Even at this late date, with a record number of at least eight individuals charged by the Obama administration under the 1917 Espionage Act (compared to three such prosecutions for all of Obama’s predecessors combined), many prominent journalists can’t see, or won’t admit, or don’t believe, that an attack on whistleblowers is also an attack on the press and on the First Amendment.

They appear either not to care or to have scant awareness of the chilling effect on the symbiotic relationship between investigative reporters and their sources every time whistleblowers are charged or convicted for crimes that could land them in prison for decades, if not a lifetime.

They also appear to accept at face value the stories spun by the CIA, the NSA, the Pentagon or other members of the vast U.S. national security state apparatus. It matters not to them the number of times those agencies have been shown to be liars, whether it be over non-existent weapons of mass destruction in Iraq or the extent of the vast surveillance operations directed at American citizens and people worldwide.

Why do these stars of the news media so readily brush off concerns about our dangerous warfare/surveillance state revealed by Snowden, Manning and the others? Why do they cheer on the government’s crackdown on unauthorized leaks and tell us surveillance and the diminishment of our civil liberties is really for our own good in a scary world – rather than side with the Bill of Rights and the handful of other journalists and whistleblowers who expose secrets that people in a free society should have the right to know? Why do they sound as if they are angling for a position on the National Security Council or membership in the Council on Foreign Relations, rather than aspiring to be another I.F. Stone (who lived by the tenet, “all governments lie”) or Edward R. Murrow or Seymour Hersh?

  AntiWar
Money? Prestige in D.C.? Access to government officials? Well, the latter would be ridiculous, wouldn’t it? Access to more lies isn’t much of a prize.

I'll have to guess it's money and career maintenance that turns reporters into government shills.  Corporate news organizations which are a part of the massive money machine controlling Washington are probably not going to keep independent reporters on the payroll.

...but hey, do what you want...you will anyway.

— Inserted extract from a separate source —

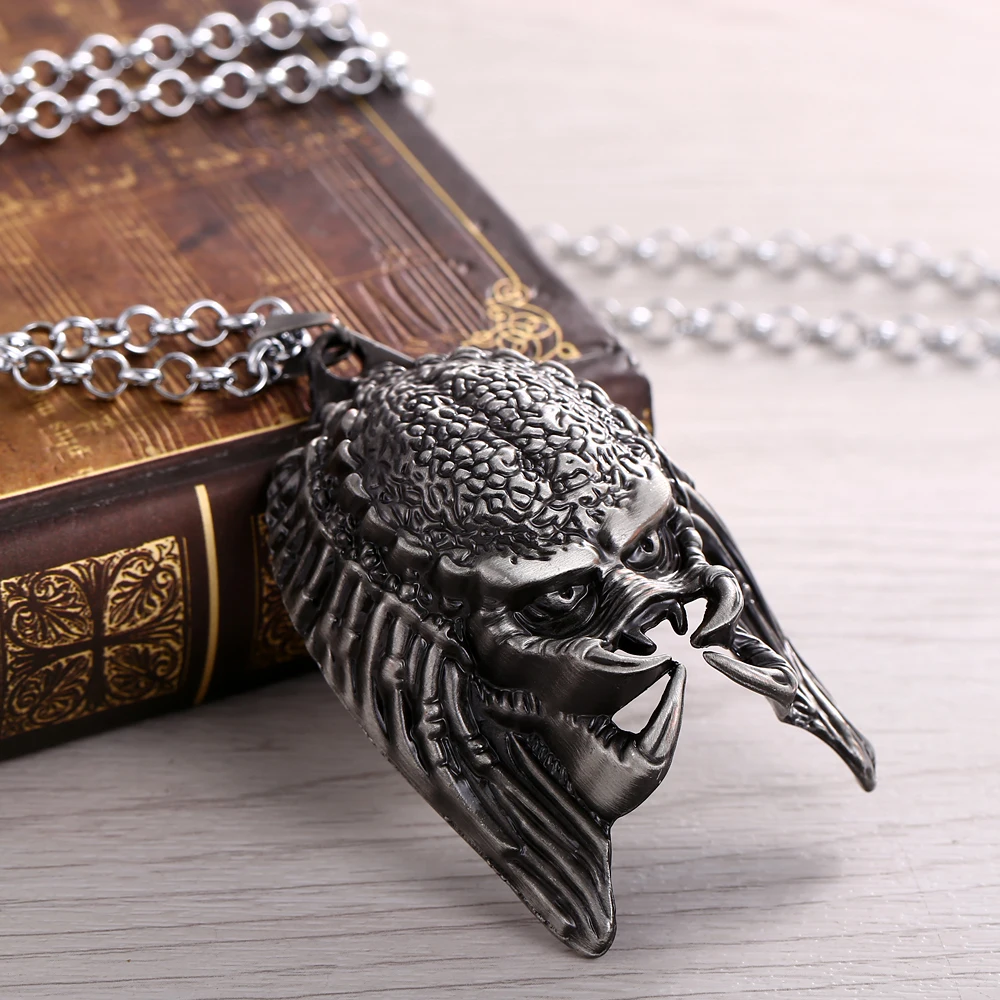 Мужское ожерелье с подвеской маской чокер для Хэллоуина|alien necklace|pendant necklacegifts for men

And, by the way, whatever happened to the "second leaker" from the Snowden documentary?  The last I can find anything about that person is reports from October 2014 which said the FBI raided his/her home.  The person has gone unnamed and, as far as I can tell, unreported, since then.  Where's Jeremy Scahill, to whom the leaks were made, and his supposedly independent and corporate-free news organization, The Intercept, (also Glenn Greenwald's employer) on this?  Silent.  Why?